REQUIREMENT → Take the data below and copy exactly the lines starting at the one with "- une chambre" and finishing at the one with "The living room, leads", both included.

======== INFORMATION SUPPLIED ========

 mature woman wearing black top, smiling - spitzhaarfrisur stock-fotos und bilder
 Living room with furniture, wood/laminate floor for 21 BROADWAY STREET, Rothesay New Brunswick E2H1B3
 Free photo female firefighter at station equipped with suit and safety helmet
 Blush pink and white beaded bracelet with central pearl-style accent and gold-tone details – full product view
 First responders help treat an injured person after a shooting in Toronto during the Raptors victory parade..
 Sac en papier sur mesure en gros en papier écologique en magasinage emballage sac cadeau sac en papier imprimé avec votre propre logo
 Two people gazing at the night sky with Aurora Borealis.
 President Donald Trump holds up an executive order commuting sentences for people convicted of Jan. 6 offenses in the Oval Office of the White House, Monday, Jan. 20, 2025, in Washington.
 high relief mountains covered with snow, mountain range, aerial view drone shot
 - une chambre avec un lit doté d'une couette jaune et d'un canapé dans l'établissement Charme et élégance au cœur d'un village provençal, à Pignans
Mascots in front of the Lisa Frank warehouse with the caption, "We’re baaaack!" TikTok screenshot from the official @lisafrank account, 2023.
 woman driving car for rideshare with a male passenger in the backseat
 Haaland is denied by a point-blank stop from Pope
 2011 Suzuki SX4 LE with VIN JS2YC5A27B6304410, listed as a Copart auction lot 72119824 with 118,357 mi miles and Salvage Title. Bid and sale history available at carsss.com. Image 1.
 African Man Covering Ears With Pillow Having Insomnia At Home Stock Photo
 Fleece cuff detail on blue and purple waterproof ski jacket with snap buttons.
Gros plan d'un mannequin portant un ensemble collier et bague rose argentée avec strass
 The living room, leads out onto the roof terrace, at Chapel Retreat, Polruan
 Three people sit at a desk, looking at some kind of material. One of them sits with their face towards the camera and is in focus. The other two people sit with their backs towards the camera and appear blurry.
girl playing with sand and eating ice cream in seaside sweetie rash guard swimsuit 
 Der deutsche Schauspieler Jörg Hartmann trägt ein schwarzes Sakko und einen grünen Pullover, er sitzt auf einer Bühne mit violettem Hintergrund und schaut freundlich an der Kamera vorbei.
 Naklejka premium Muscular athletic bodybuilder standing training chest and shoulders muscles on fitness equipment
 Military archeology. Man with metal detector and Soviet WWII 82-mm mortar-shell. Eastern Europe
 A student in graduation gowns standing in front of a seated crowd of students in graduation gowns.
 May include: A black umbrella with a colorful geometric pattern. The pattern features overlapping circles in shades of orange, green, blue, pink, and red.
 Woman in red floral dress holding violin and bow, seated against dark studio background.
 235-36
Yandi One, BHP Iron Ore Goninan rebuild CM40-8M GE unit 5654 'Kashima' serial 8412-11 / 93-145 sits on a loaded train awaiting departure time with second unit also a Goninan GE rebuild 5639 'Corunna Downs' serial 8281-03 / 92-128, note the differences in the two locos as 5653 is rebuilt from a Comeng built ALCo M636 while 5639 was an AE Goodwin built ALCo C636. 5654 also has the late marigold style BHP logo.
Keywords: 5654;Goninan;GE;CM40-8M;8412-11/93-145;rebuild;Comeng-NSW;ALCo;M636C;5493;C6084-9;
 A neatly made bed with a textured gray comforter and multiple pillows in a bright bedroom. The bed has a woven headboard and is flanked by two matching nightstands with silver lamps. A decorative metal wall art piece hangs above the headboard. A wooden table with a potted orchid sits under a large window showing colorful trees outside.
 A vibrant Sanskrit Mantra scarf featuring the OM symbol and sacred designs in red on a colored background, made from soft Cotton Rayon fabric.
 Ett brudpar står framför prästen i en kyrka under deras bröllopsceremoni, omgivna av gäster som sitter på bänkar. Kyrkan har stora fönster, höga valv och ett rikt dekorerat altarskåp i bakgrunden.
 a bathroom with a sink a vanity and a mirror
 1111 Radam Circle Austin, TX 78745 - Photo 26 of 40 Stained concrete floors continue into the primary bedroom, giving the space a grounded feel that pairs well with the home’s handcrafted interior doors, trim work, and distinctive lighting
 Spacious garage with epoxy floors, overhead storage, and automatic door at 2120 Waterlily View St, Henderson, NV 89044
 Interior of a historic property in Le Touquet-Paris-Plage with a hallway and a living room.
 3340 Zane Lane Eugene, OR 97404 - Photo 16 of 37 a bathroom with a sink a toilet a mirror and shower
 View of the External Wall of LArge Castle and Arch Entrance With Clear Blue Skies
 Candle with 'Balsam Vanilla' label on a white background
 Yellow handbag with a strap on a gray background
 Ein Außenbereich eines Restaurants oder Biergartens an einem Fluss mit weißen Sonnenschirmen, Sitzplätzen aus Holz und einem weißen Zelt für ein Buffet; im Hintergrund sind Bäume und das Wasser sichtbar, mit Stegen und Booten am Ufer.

========

ANSWER SPACE →
 - une chambre avec un lit doté d'une couette jaune et d'un canapé dans l'établissement Charme et élégance au cœur d'un village provençal, à Pignans
Mascots in front of the Lisa Frank warehouse with the caption, "We’re baaaack!" TikTok screenshot from the official @lisafrank account, 2023.
 woman driving car for rideshare with a male passenger in the backseat
 Haaland is denied by a point-blank stop from Pope
 2011 Suzuki SX4 LE with VIN JS2YC5A27B6304410, listed as a Copart auction lot 72119824 with 118,357 mi miles and Salvage Title. Bid and sale history available at carsss.com. Image 1.
 African Man Covering Ears With Pillow Having Insomnia At Home Stock Photo
 Fleece cuff detail on blue and purple waterproof ski jacket with snap buttons.
Gros plan d'un mannequin portant un ensemble collier et bague rose argentée avec strass
 The living room, leads out onto the roof terrace, at Chapel Retreat, Polruan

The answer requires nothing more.